Product Details
Product Overview:
Our company manufactures organic waste gas adsorption and purification units that leverage the highly porous structure and enormous specific surface area of activated carbon—up to 500–2,300 m² per gram—enabling molecular‑level adsorption of organic pollutants from the exhaust stream via intermolecular forces (van der Waals forces). This process effectively purifies the waste gas, ensuring that the treated effluent meets regulatory emission standards.

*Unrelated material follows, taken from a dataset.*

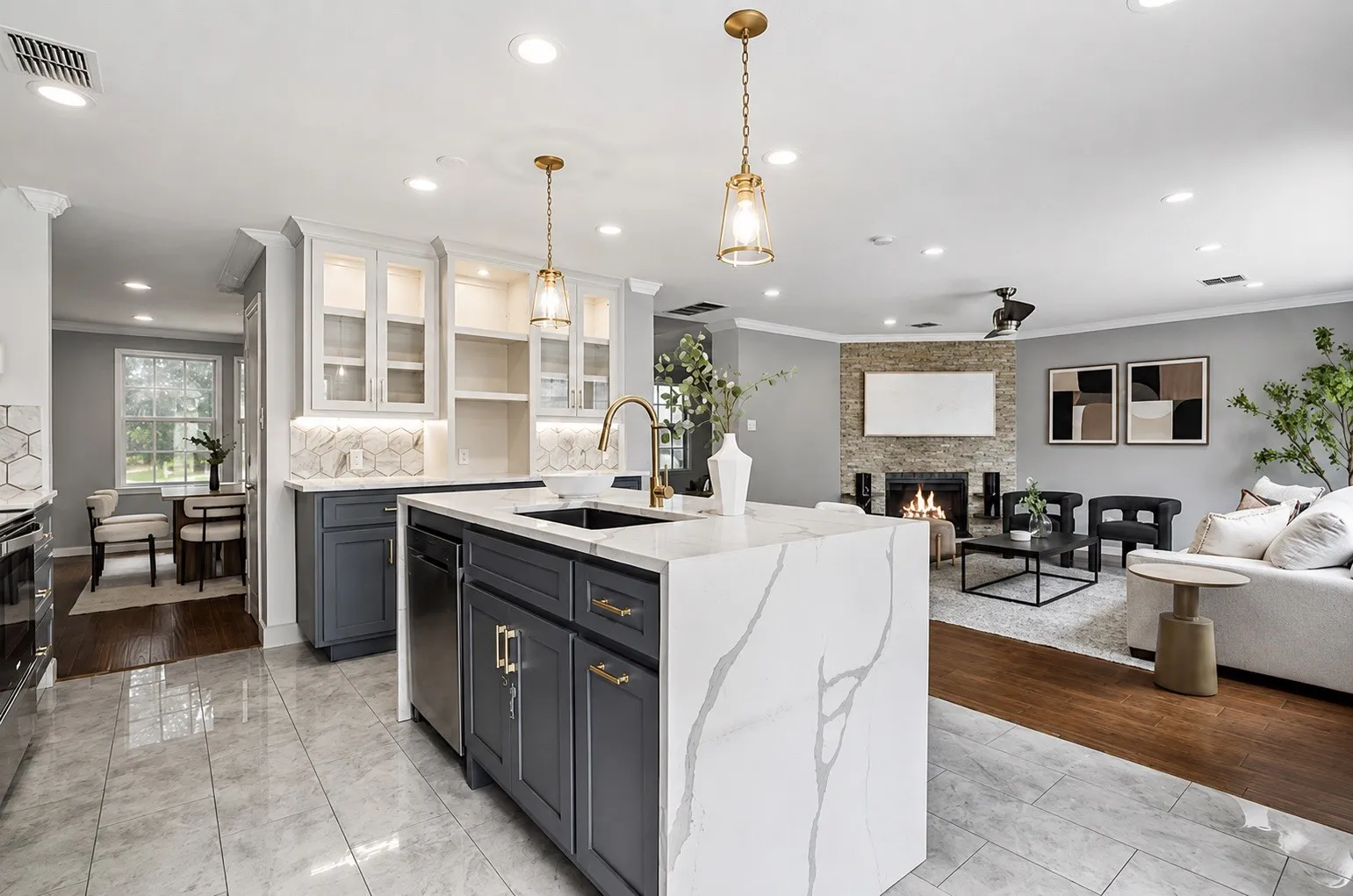 Single Family Residence For Sale in Collin County , 320 Mesa Verde Way, Wylie, Texas 75098, 4 Bedroom, 3 Bathroom, 2 Garage spaces, 2,603 Sqft, built in 2005, Preowned, mls#21248199, Real Estate Agent in Wylie, Homes For Sale in Collin county, Homes For Sale in Wylie, Realtor in Wylie Texas, Real Estate Brokerage Independent Realty Texas, Luminita Cordes Realtor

Physical adsorption and chemical adsorption—physical adsorption primarily relies on intermolecular forces to adsorb nonpolar pollutants, whereas chemical adsorption involves chemical reactions between the active functional groups on the activated carbon surface and the pollutants, converting them into harmless substances.

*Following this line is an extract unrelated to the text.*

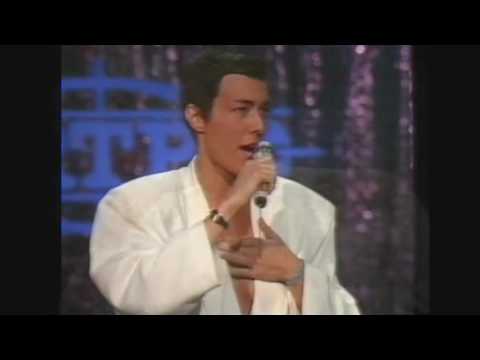 LARA LI - Eu quero ter eternamente este segredo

Synergistic treatment of multiple pollutant types—capable of simultaneously treating a wide range of organic waste gases, including benzene‑, ketone‑, alcohol‑, ether‑, and alkane‑based compounds; it can also handle acidic and alkaline waste gases, sulfide‑containing odorous gases (such as hydrogen sulfide and ammonia), as well as harmful substances like formaldehyde and TVOCs.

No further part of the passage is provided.